My painful slow trickle began at the halfway mark, according to my Strava autopsy. It was at this point that my toes began to burn. I could feel blisters brewing on the balls of my feet, so I switched from forefoot to heel-striking — a move that brings relief but slows me down. Mentally, I also began to suffer. I tried to hang onto the pack I’d been running with, but that train was leaving and my ticket had expired.
After winding through residential streets near the University of Alberta, the race course arrived back at Saskatchewan Drive, where streams of runners were flowing in the opposite direction on the other side of the road. Those runners appeared to be having more fun than I was. They were pushing strollers, running with friends, listening to music, and, worst of all, smiling. Cheering volunteers were waving signs, ringing cowbells, telling everyone they were looking great. Meanwhile, I was in a festival of pain.

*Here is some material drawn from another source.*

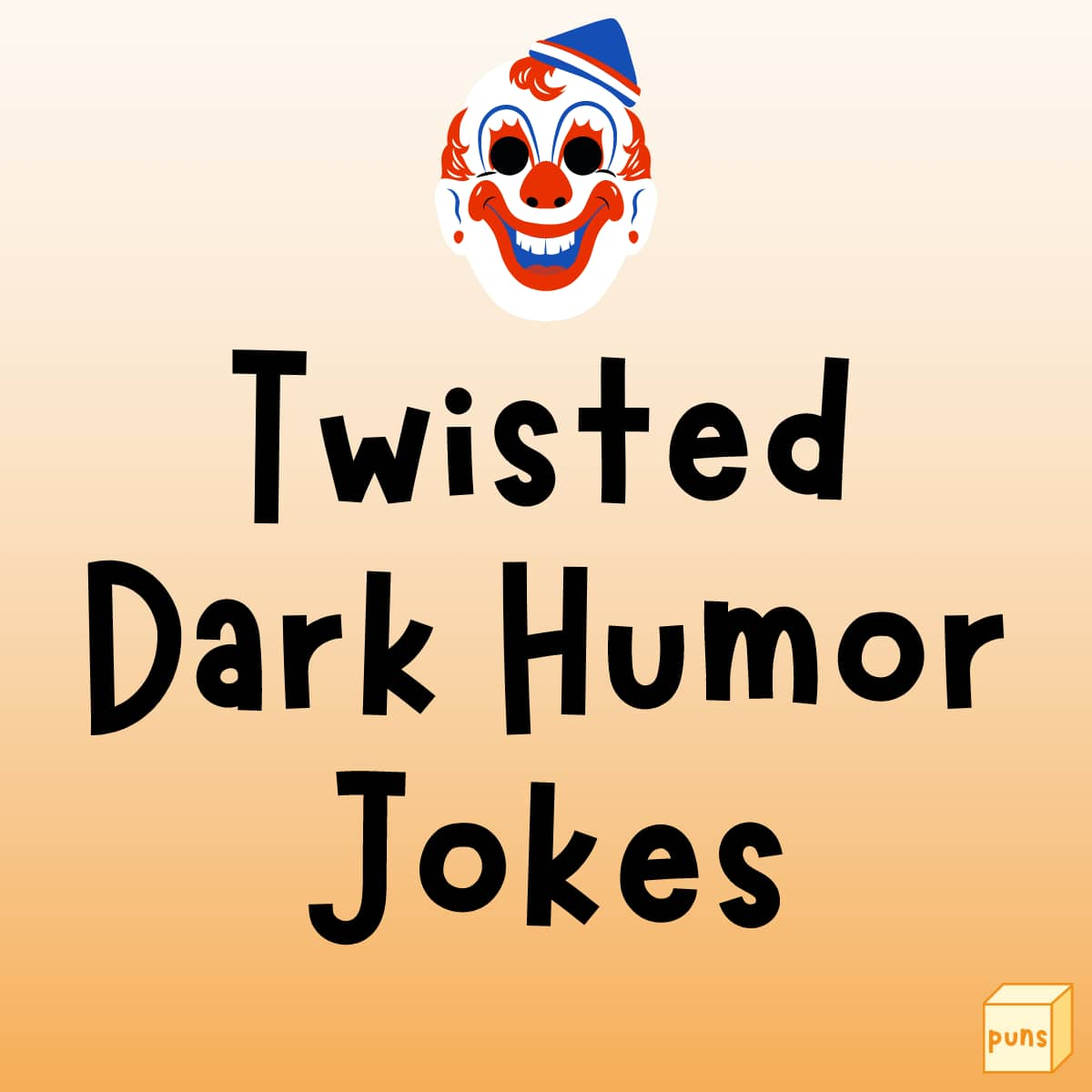 100 Funny Dark Humor Jokes That Are Twisted And Brutal Box Of Puns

For the last few kilometres, I ran behind a man in his forties who raised his arms in celebration every time we came across a photographer. I was hurting, but he was having the time of his life.
After crossing the finish line, I couldn’t help my disappointment. My last kilometre had been fast, suggesting there was more gas in the tank. I hadn’t given up, but I also hadn’t run my best.
I thanked the volunteers, who were eagerly filling my arms with free samples and food, and thought of how joyful the man ahead of me had been. He introduced himself after the race — his name was Aksil — and said this had been his first 10K. We smiled for a photo together.
Elite runners have always inspired me, with their speed and ability to push through pain. Winning a race is a wonderful thing, but then again, so is racing with abandon across the High Level Bridge on a Sunday morning.